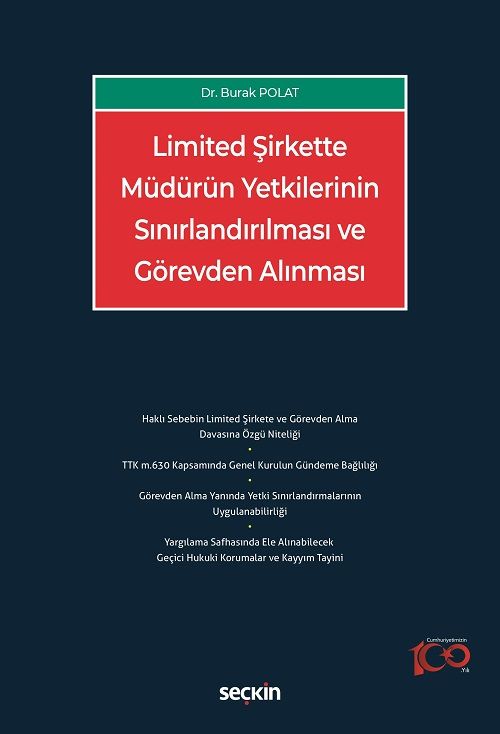 Seçkin Limited Şirkette Müdürün Yetkilerinin Sınırlandırılması ve Görevden Alınması - Burak Polat Seçkin Yayınları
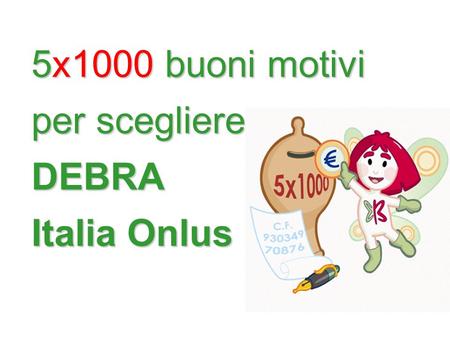 5x1000 buoni motivi per scegliere DEBRA Italia Onlus.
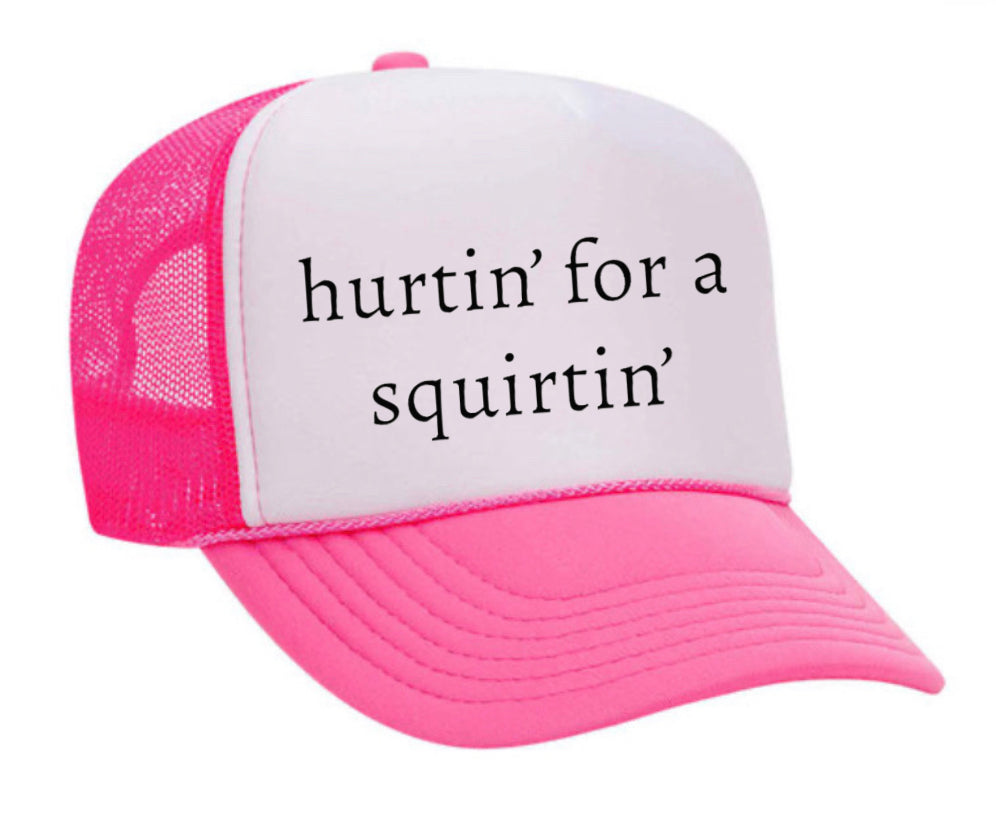 Hurtin’ for a Squirtin’ Trucker Hat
____________________
__About this exercise__.
Type the listing out again word for word, passing over each picture.

__Solution__.
 Seçkin Limited Şirkette Müdürün Yetkilerinin Sınırlandırılması ve Görevden Alınması - Burak Polat Seçkin Yayınları
 5x1000 buoni motivi per scegliere DEBRA Italia Onlus.
 Hurtin’ for a Squirtin’ Trucker Hat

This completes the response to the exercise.